Repeat exactly the line with "Lustro dekoracyjne z" and each line after it to the end of the data below; pictures stay out.

| Source data |
*** Begin section ***

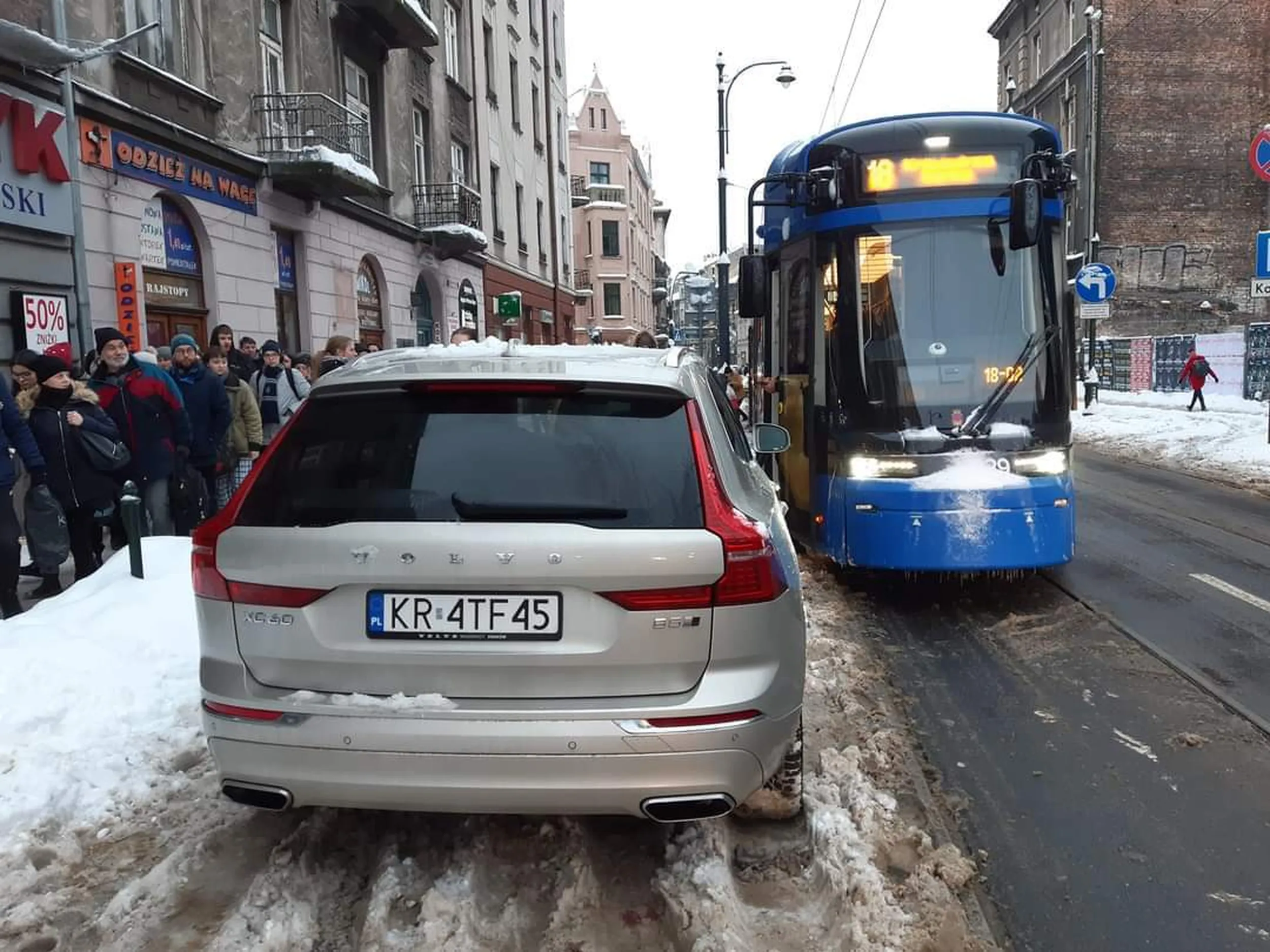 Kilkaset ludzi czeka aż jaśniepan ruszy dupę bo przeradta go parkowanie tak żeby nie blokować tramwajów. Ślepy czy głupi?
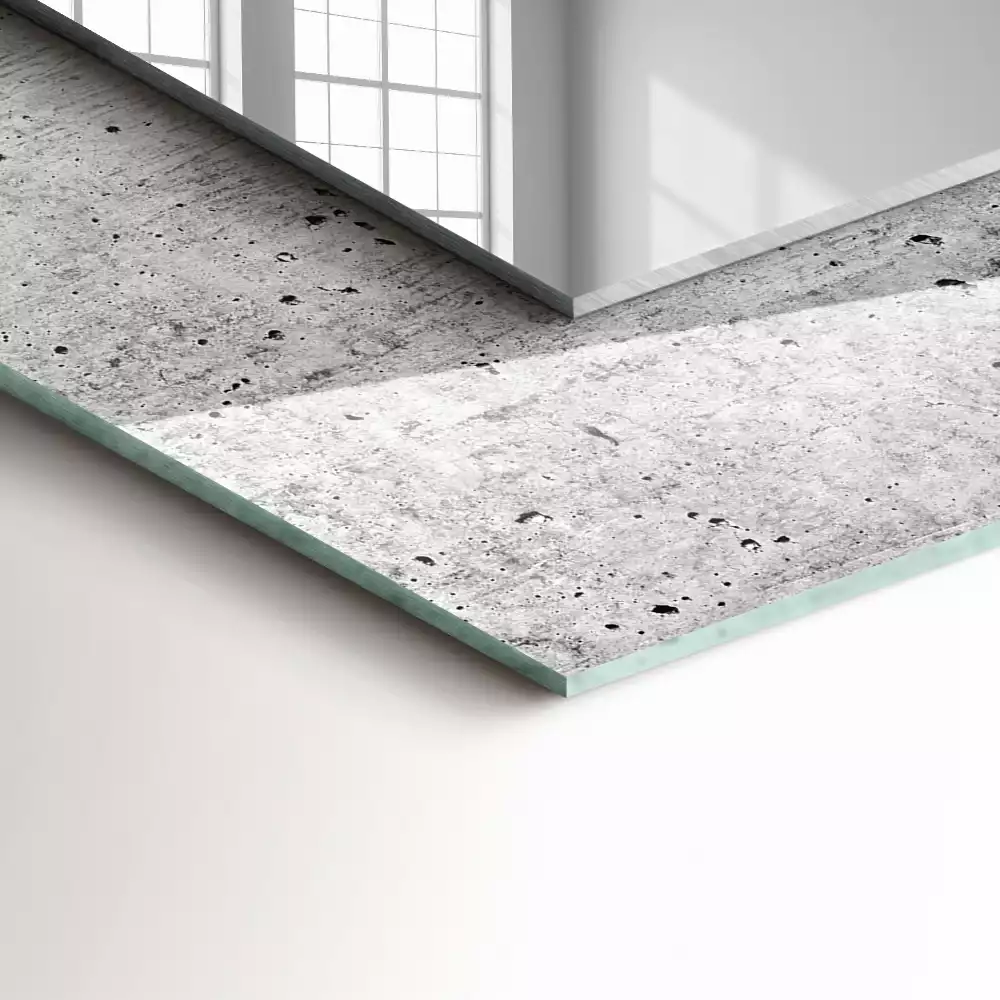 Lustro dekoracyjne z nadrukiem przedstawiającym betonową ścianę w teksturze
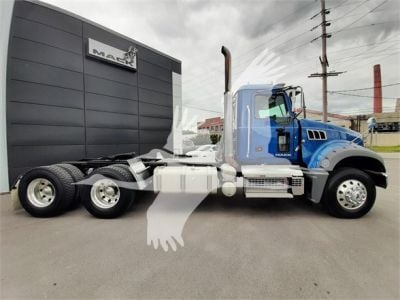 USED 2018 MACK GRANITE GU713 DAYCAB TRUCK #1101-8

*** End section ***

| Output of the exercise |
 Lustro dekoracyjne z nadrukiem przedstawiającym betonową ścianę w teksturze
 USED 2018 MACK GRANITE GU713 DAYCAB TRUCK #1101-8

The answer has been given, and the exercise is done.